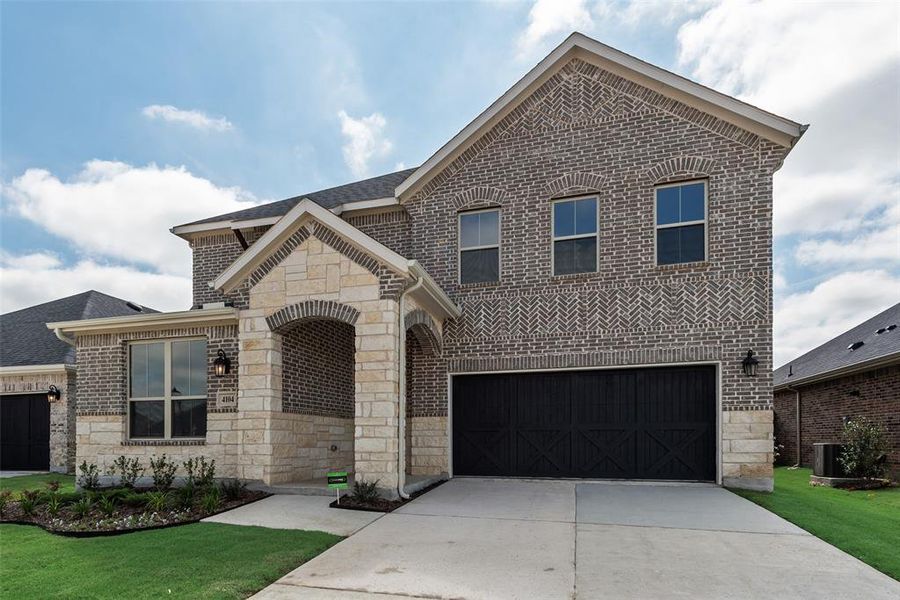 Front exterior of a new home in Spiritas Ranch, Little Elm, TX, highlighting curb appeal (Image 2).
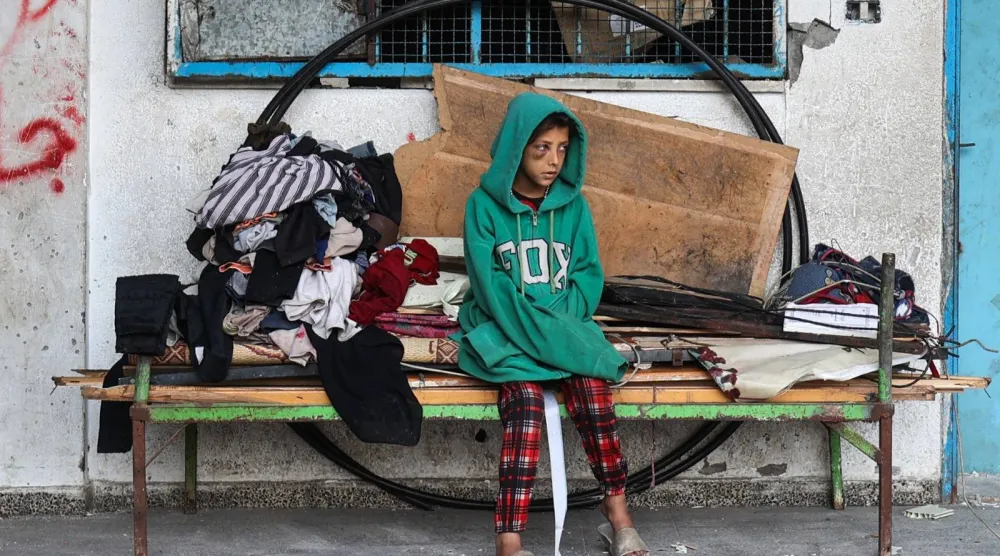 فتاة فلسطينية تنظر إلى الآخرين وهم يزيلون الحطام من مخيم مؤقت للنازحين تعرض لقصف إسرائيلي في مخيم البريج للاجئين (أ.ف.ب)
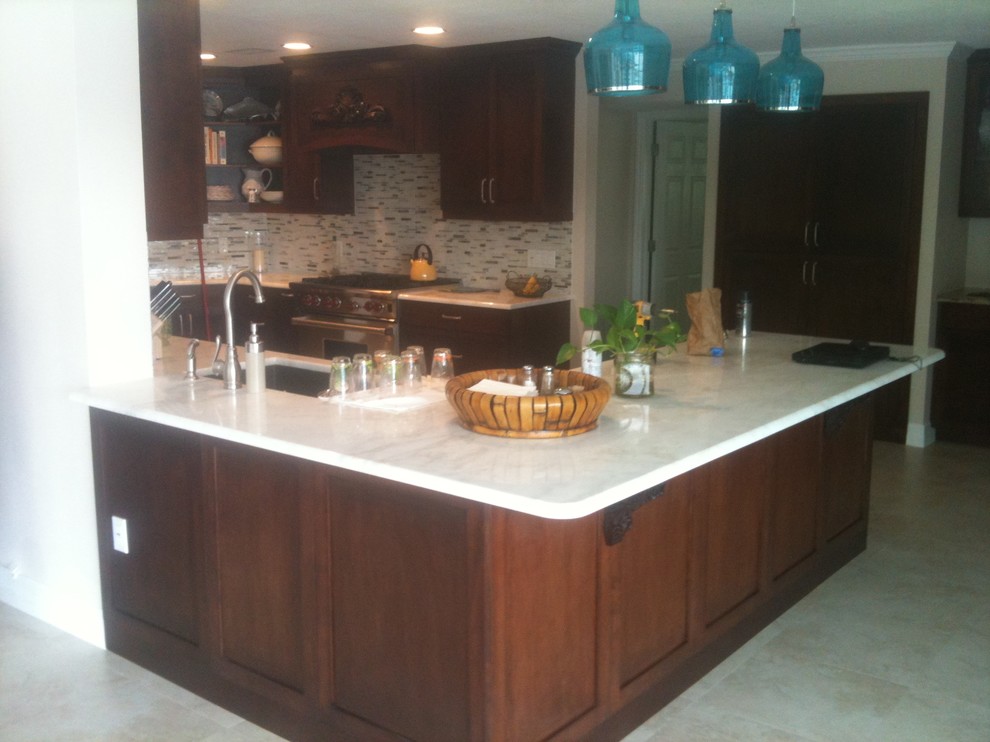 This is an example of a traditional kitchen/diner in Tampa with a submerged sink, shaker cabinets, dark wood cabinets, marble worktops, multi-coloured splashback, glass sheet splashback, stainless steel appliances and porcelain flooring.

——————————

DIRECTIONS: Print the data above in full and exactly as it appears, skipping the pictures.

SOLUTION TO THIS EXERCISE:
 Front exterior of a new home in Spiritas Ranch, Little Elm, TX, highlighting curb appeal (Image 2).
 فتاة فلسطينية تنظر إلى الآخرين وهم يزيلون الحطام من مخيم مؤقت للنازحين تعرض لقصف إسرائيلي في مخيم البريج للاجئين (أ.ف.ب)
 This is an example of a traditional kitchen/diner in Tampa with a submerged sink, shaker cabinets, dark wood cabinets, marble worktops, multi-coloured splashback, glass sheet splashback, stainless steel appliances and porcelain flooring.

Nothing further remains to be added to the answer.